BRIDGETOWN, Barbados, CMC – The International Monetary Fund (IMF) is predicting a dramatic slowdown in the economic growth of Caribbean countries over the next two years because of a recession in the United States and turmoil in worldwide financial markets.
In its latest World Economic Report released Wednesday, the IMF said growth in the Caribbean region would slow to 4.4 per cent this year and 3.8 per cent next year, compared to 5.7 per cent growth last year.
The Washington-based financial institution said that overall world economic growth would slow to 3.7 per cent in 2008 and 2009, just over one per cent lower than the growth recorded in 2007.
The IMF said that the downturn would be led by the US economy which would go into a “mild recession” this year, growing by only 0.5 per cent after contracting in the first half of 2008.
“The global expansion is losing speed in the face of a major financial crisis.

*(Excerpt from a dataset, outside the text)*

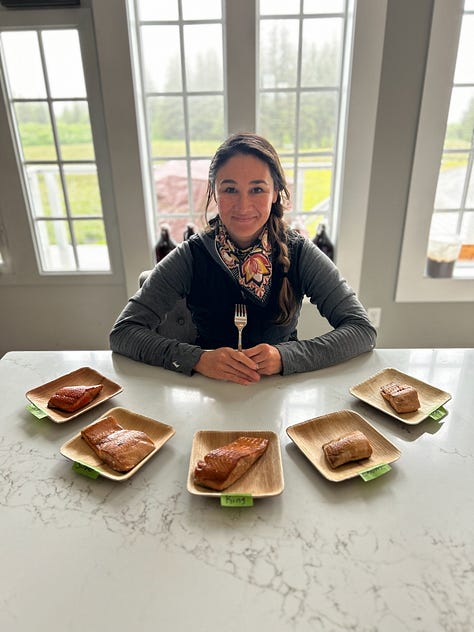 Photos of a woman writing in a waterproof notebook, picking sockeye salmon out of a gill net, and fishing for salmon in Alaska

The slowdown has been greatest in the advanced economies, particularly in the United States, where the housing market correction continues to exacerbate financial stress,” the IMF report stated.
At the same time, the IMF said “headline inflation has increased around the world, boosted by the continuing buoyancy of food and energy prices”.
“The overall prognosis is that resilient economies will be dampened but not overwhelmed by the slowdown in the United States and other advanced economies and by the dislocation in international financial markets,” it said.
While the IMF did not provide a breakdown of the various economies of the region, it showed that the slowdown would be on par with other countries in the Western Hemisphere.
It said that while economic activity in Latin America “grew by a robust 5.6 per cent in 2007, slightly stronger than in 2006”, Caribbean economies slowed by 2.1 per cent over the corresponding period “as a construction boom wound down”.
The IMF is also predicting that the rate of growth of imports into rich countries is expected to slow sharply, leading to a cut in the rate of growth of exports by developing countries. It also warned that the spill over would be more severe in countries linked to the US dollar since the currency has declined sharply on world markets.
Meantime, despite recent measures implemented by governments of the Caribbean Community (CARICOM), including the removal of the Common External Tariff (CET) from a number of basic food items, consumer prices in the Caribbean will also increase by 7.9 per cent this year before sliding back to 5.7 per cent in 2009, according to the IMF.
It said inflation could accelerate this year to 6.6 per cent across the region, before subsiding in 2009 to 6.1 per cent. This would still be higher that the 5.4 per cent registered in 2007.
Additionally the IMF said that rising prices, especially for food and energy, could make it difficult for central banks to cut interest rates.
“The scope for easing could be hampered by the need to bring inflation back down to within target ranges in a number of countries,” the IMF added.